Poco tempo dopo, la nuova inquilina della stanza 2046, sarà Bai Ling, un’energica e bellissima giovane prostituta d’alto borgo, dignitosa ed emancipata, che indossa spesso dei qipao simili a quello indossato da Su in In the Mood for Love. Con lei Chow intreccia una relazione che trasuda passione e coinvolge lo spettatore nelle speranze di una relazione stabile che purtroppo naufragano ancora una volta contro la maledizione di un uomo che per quanto possa amare, non riesce a liberarsi da un passato che gli nega un qualsiasi futuro di felicità; afferma infatti il protagonista: “Ero triste, ma non potè che andare così”. Nel seguire la loro relazione, ci accorgiamo di come la notte rappresenti quasi un’altra dimensione, onirica, di abbandono al piacere, simile a quella dell’opera del protagonista, e di come il tempo scorra in relazione alle emozioni di Chow: tristi e lunghi momenti si susseguono a brevi momenti felici.
Dopo l’addio con Bai, ritorna Wang Jing-wen, ancora triste per aver dovuto abbandonare il suo fidanzato giapponese. Il rapporto tra Chow e Weng diventa sempre più stretto e Chow se ne innamora, ma resosi conto dell’amore che lei prova ancora per il suo fidanzato, una notte di natale, invece di portarla in camera sua, glielo fa chiamare dalla redazione del suo giornale, e mentre osserva attraverso un vetro la ragazza di cui si è innamorato esplodere di gioia nel sentire la voce del suo amore ritrovato, la tristezza dei suoi occhi cede il posto ad un sorriso sincero, forse consapevole di aver spezzato una catena di solitudine e rassegnazione, dando spazio all’unico vero trionfo dell’amore in questa pellicola.

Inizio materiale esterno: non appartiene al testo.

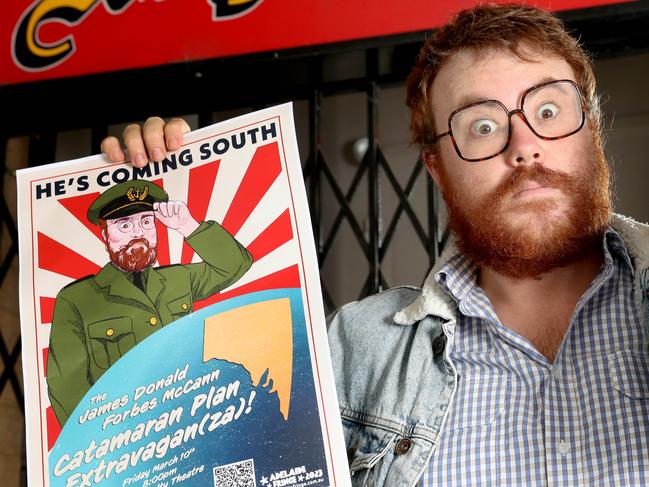 Comedian James Donald Frobes McCann outside Royalty Theatre with poster featuring red Rising Sun, banned by Adelaide Fringe, and a new yellow background version. 2 February 2023. Picture Dean Martin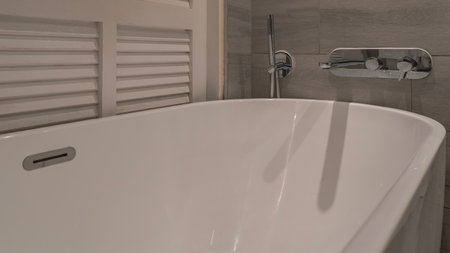 Details of the bathroom interior. A fragment of a white oval acrylic bathtub. Metal taps and a...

A questo punto veniamo proiettati in 2047, creazione del protagonista che avrebbe dovuto raccontare la storia del ragazzo giapponese, ma che in fine ricalca la vita di Chow, raccontandoci attraverso un’allegoria, come per lui il 24/12 e il 25/12, rappresentino i giorni più freddi, in cui la solitudine è insopportabile e si ha bisogno di calore umano per poter sopravvivere.
Nel finale, Bai Ling ritorna da Chow, confidandogli di esserne ancora innamorata e chiedendogli di trasferirsi insieme a lei a Singapore, ma nonostante la consapevolezza di vivere attaccato a un passato sterile e miserabile e la volontà di distaccarsene per poter proseguire con la sua vita, egli alla fine sceglie di abbracciare la sua solitudine, convinto dell’impossibilità di sovrapporre un amore a un altro. Il film si chiude con Chow che viene portato via, in solitudine, da un taxi, senza più nessuna donna.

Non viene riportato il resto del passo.